There are plenty of stories about life insurance companies squirming out of paying death benefits, so I think it’s fair for a person to question if their beneficiaries will really get what they’ve paid for if the pass away.
I’m often asked about the contestability of life insurance claims and what would trigger an incidence of a claim not being paid so let’s talk about several aspects of just that question. Especially when you are over 50 life insurance is something that you should have confidence in. When is that a company can justifiably not pay a claim? When can they adjust the amount paid from the face amount of the policy to a lower amount? When do they have to pay a claim even if you take your own life?

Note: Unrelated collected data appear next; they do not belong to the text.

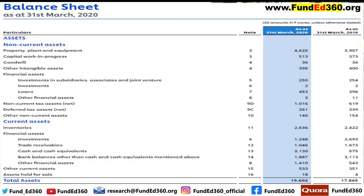Another item you can find is capital work in progress, or CWIP. All the costs associated with the production or construction of a fixed asset are classified as capital work in progress. For example, all costs incurred on the construction of a building by the company are called capital work in progress. Other assets include goodwill and other intangible assets. Goodwill is essentially the reputation built by the company over many years of its existence, and it is generally quantified and disclosed as an intangible asset in the balance sheet.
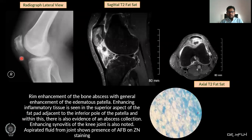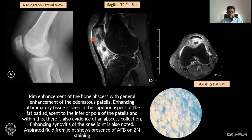Here we can see a lateral knee radiograph showing an osteolytic lesion, and rim enhancement of the bone abscess with general enhancement of the edematous patella on sagittal T2 fat-sat imaging. Fluid aspirated from the knee joint and subjected to acid-fast bacillus staining shows multiple acid-fast bacilli.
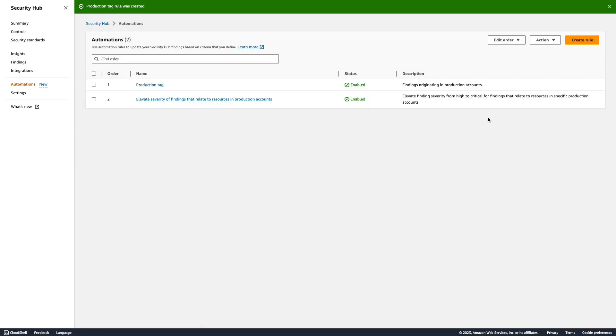Now, all new findings from this account will have the user-defined field with the key value pair environment production. This user-defined field can be used in filters, insights, will appear in the finding JSON and history in member accounts, and will be available to downstream applications that you may have configured to ingest findings from Security Hub, such as a ticketing application or ITSM.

Let’s just set one urban legend aside right now that is especially prevalent with senior life insurance. Life insurance companies do not look for reasons not to pay out what your beneficiaries are due. There is, however, a 2 year contestability period during which, before paying a claim, they will review all of your medical records again (just like they did during underwriting). They may order records that they didn’t see as necessary during initial underwriting just to see if they missed something that could have affected the approved rate class and yes, whether you should have been declined.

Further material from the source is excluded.